Computing Keeps Its Cool
The lower floors of SLAC's Building 50 house more than 3500 computer and data systems. This collection of servers, batch systems and hard-disc arrays serves the lab's computing needs from e-mail and file storage to large-scale simulations and data processing. All of that compute power generates a lot of heat—enough to melt about 580 one-ton blocks of ice a day—and relies on the circulation of chilled water to keep the air below circuit-blowing temperatures. So when it was time to replace the 40-year-old cooling pipelines, minimizing disruption of computer services required tight coordination between SLAC computing, electrical, and heat, ventilation and air conditioning crews. Completed January 12, the cooling upgrade was a success of careful planning, hard work, cooperative weather and a hearty dash of quick, creative thinking.
A network of pipes circulates water from the Building 23 chilled water plant to cool the air in Buildings 50, 137 and others. Since the system was built, the lab has grown and computing needs have increased, straining its cooling capacity. Last year, crews replaced the system's main, 8-inch chilled water pipes with 10-inch pipelines, running along and under Loop Road, to support a much-needed increase in flow. (See "Cool Upgrades.") But hooking the new pipes into the cooling system would require a temporary shutdown of the chilled water and, to avoid heat overload, most of the computers in Building 50's vast server room. To minimize the impact on the lab, a team of Scientific Computing and Computer Services, Facilities and Operations staff did months of careful planning to schedule an intense nine days of coordinated effort, just after the winter break.
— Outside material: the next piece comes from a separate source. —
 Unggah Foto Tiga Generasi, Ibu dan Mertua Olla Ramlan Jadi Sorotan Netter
One critical question was how many systems could remain running while Building 50 relied on outside air for cooling. Using historical January temperatures and computer manufacturer's specifications, SCCS Technical Operations Manager John Weisskopf estimated the heat load for different scenarios. His desktop computer includes a map of the data center, color-coded to show expected heat levels. Weisskopf's estimates showed that a majority of systems had to be shut down.
The next question was what to keep running. SCCS worked with computer users lab-wide to identify top-priority systems to be kept online during the changeover. (See "Computing Service Outages During Cooling System Upgrades.") All others were shut down, starting on Sunday, January 4th.
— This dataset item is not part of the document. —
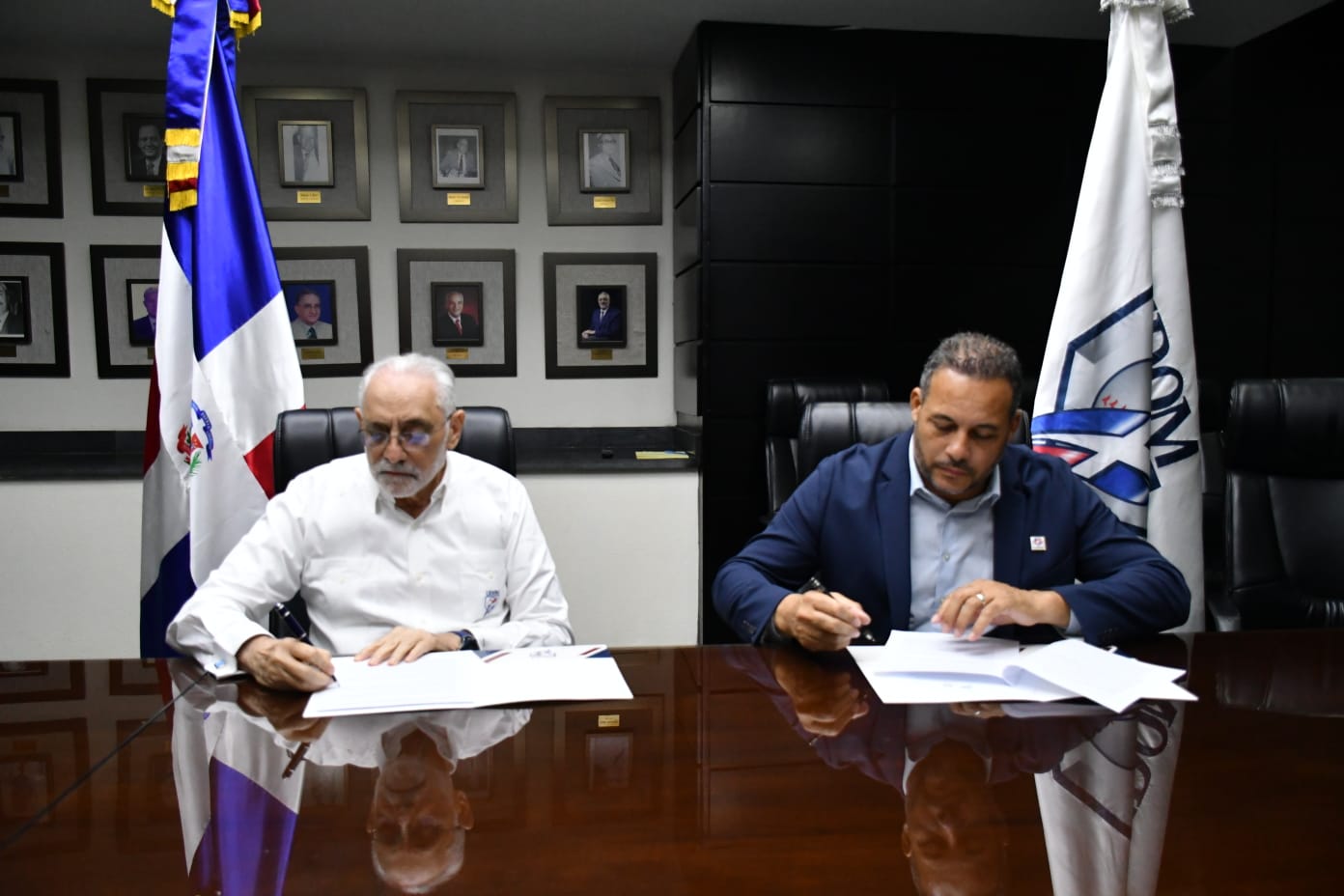 LIDOM Y FENAPEPRO acuerdan prórroga del convenio colectivo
"We took down altogether over 1800 systems," said SCCS project manager Len Moss. "Quite a few of them were file servers, which are a lot more complicated to take up and down—many were attached to RAID arrays." These data arrays in particular are prone to fail when cycled off and on, Moss noted, so the team made an effort to keep them running.
With the computers safely shut down, contract teams lead by Facilities project manager Harry Shin shut off the chilled water system and began work on the pipes. They first drained then cut the old steel pipes before fitting joints to connect the new ones. Three crews worked to connect both ends at once—one end entering the back of Building 50, the other at Cooling Tower 101. Inside Building 50, four-story sections of vertical pipe required special bracing while connections at their base were severed, then welded to join the new pipes. Near the cooling tower, new pipe sections and elbows came together with jigsaw-like precision. "This was a nice bit of pipe fitting," Shin said. "Everything there is at angles, and not easy to measure."
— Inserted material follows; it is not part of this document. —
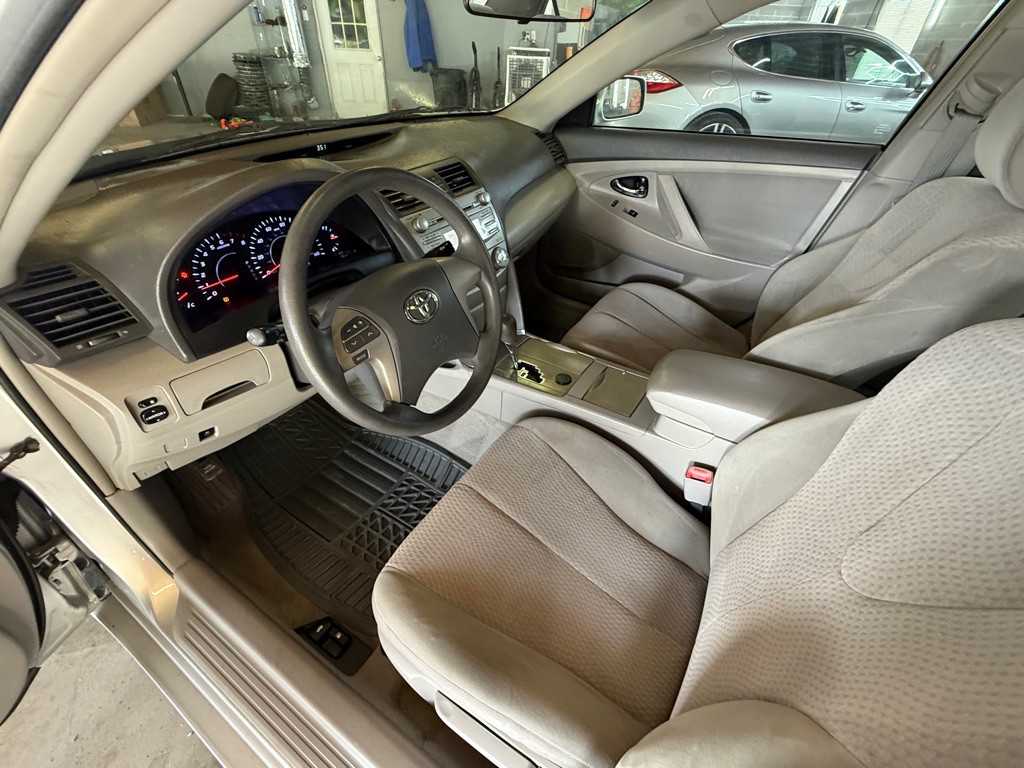 2011 Toyota Camry Image 12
Though the weather remained cool, without the chilled water, temperatures in Building 50 were rising too high. The HVAC team had installed ventilated, grate-style doors on the second floor, with fans pulling cool outside air into the building. Portable cooling units blew warm air away from hot spots near large server racks. Ceiling venting fans pumped the heated air outside. To ease the heat load, SCCS shut down the RAID data arrays, but the temperature continued to rise. So the HVAC team, lead by Sven Jensen, did some quick thinking. They reversed the side fans to blow air out the doors rather than in, then used the building air conditioning system, blowing up through the floor, to increase air pressure in the server room. The effect was to force hot air out through the doors instead of pulling cool air in. It worked. The temperature stabilized for the rest of the week.
The pipe work was complete the morning of Friday, January 9. Shin's team gradually brought up water pressure, expelling air from the pipes through release valves until only water flowed through the system. After a thorough check for leaks—and none found—the cooling system was back in business that afternoon. SCCS was able bring the computer systems back online Monday the 12th, a day ahead of schedule and with only a handful of casualties—disc drives that failed and have since been replaced. The team even managed to fit in an added repair over the weekend, replacing a computer room fan motor that had worn bearings.
The well-planned project both increased cooling capacity and provided a much-needed backup, by installing a spare set of valves into Building 50's chilled water circulation. The valves will make it possible to connect a temporary portable chiller, to keep Building 50 and its server room cool for any future outage or upgrades. "Even with the current improvements we continue to be at the edge of what can be done with power and cooling in Building 50," said SCCS Acting Core Services Manager Randy Melen, "while we expect SLAC's demands for computing capacity to continue to grow."